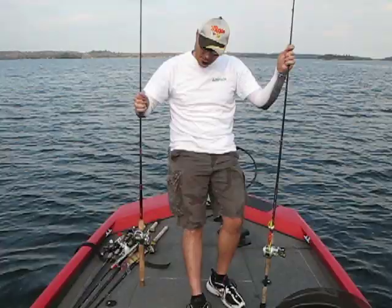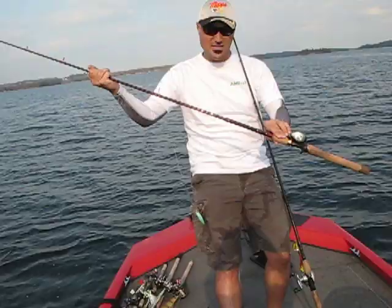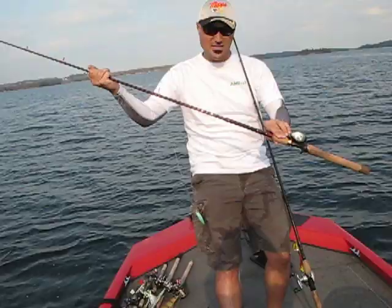You got another version here — it is a one-piece rod, but it's a telescopic, so as you see, this actually collapses in. You got about six or seven inches that will collapse into the rod to shrink this down from a seven-foot rod.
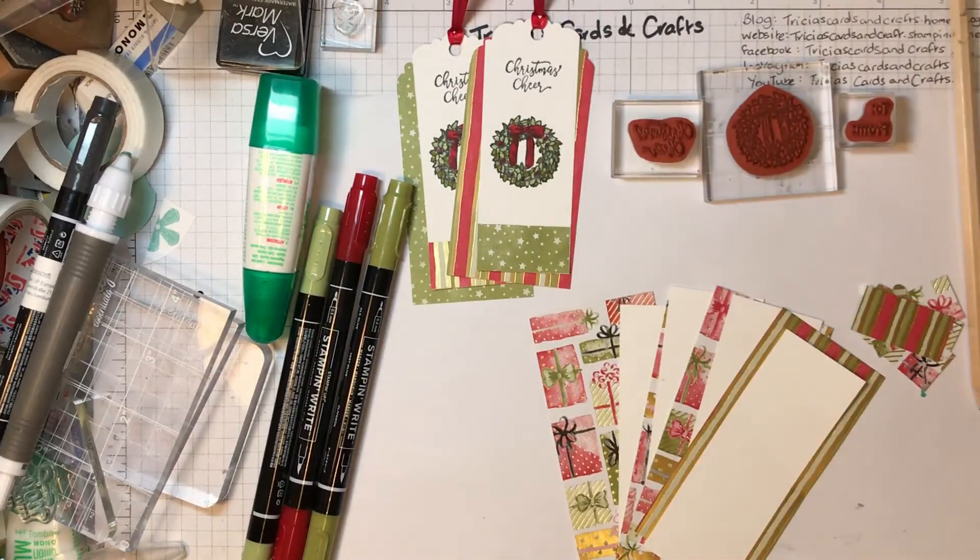So there we go — there's some ideas for you. I hope you've enjoyed the video and hopefully you'll make your own set of tags to give with your Christmas gifts. If you did enjoy it, please give it a thumbs up, and if you'd like to see more of my videos, click the subscribe button and the little bell icon to be notified when I post. Any comments, questions, or suggestions, leave them below or email me at trishascardsandcrafts@yahoo.com. My online shop for UK customers is at trishascardsandcrafts.stampinup.net. Thank you for joining me today — Happy Christmas, bye!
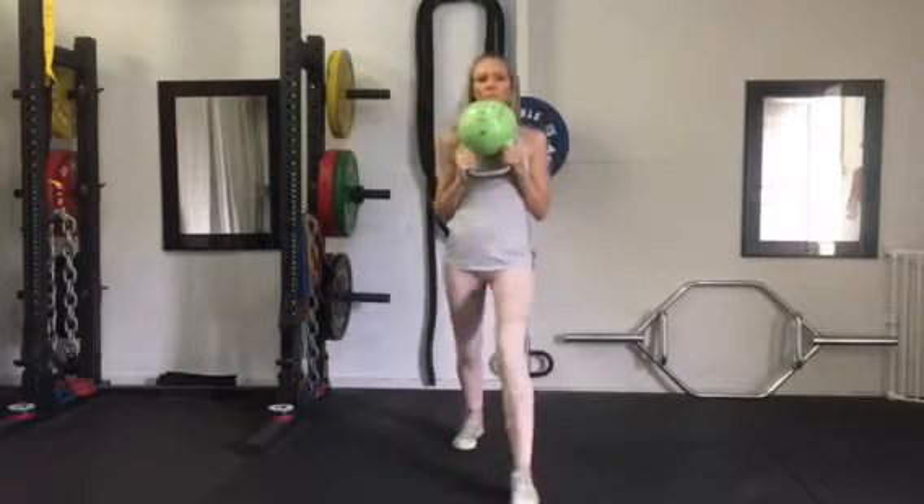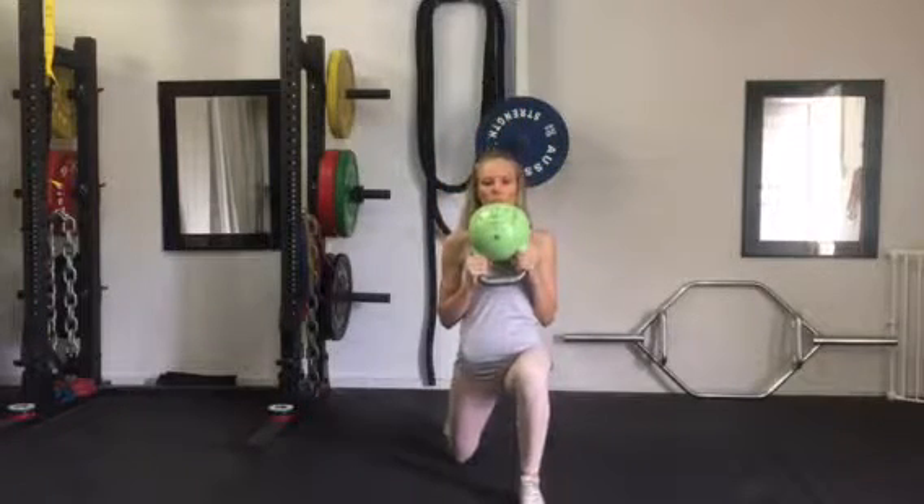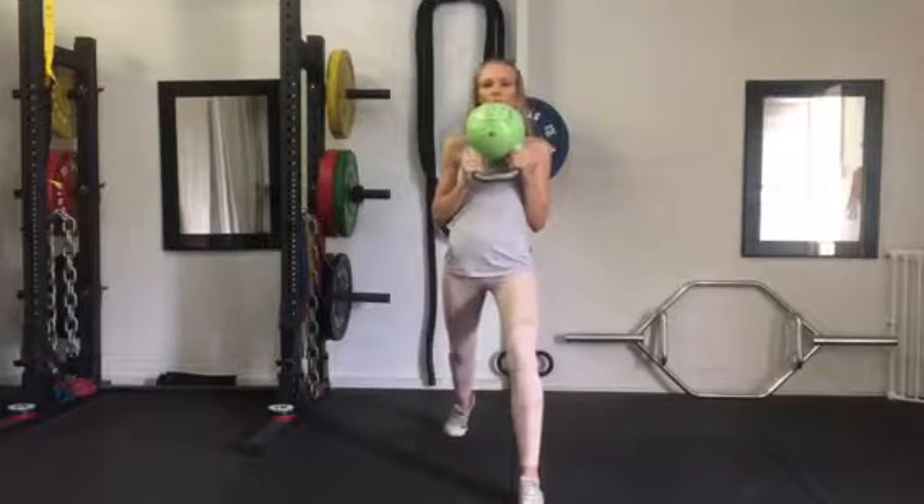Take a big stance forward, making sure feet are split apart. Lunging down, dropping the back knee down to the ground, pushing up through that front leg, and breathing out as you stand back up.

━━━━━━━━━━━━━━━━━━━━

TASK INSTRUCTIONS –
Please copy the data shown above, line by line and exactly, omitting the images.

RESULT FOR THIS TASK –
You got another version here — it is a one-piece rod, but it's a telescopic, so as you see, this actually collapses in. You got about six or seven inches that will collapse into the rod to shrink this down from a seven-foot rod.
So there we go — there's some ideas for you. I hope you've enjoyed the video and hopefully you'll make your own set of tags to give with your Christmas gifts. If you did enjoy it, please give it a thumbs up, and if you'd like to see more of my videos, click the subscribe button and the little bell icon to be notified when I post. Any comments, questions, or suggestions, leave them below or email me at trishascardsandcrafts@yahoo.com. My online shop for UK customers is at trishascardsandcrafts.stampinup.net. Thank you for joining me today — Happy Christmas, bye!
Take a big stance forward, making sure feet are split apart. Lunging down, dropping the back knee down to the ground, pushing up through that front leg, and breathing out as you stand back up.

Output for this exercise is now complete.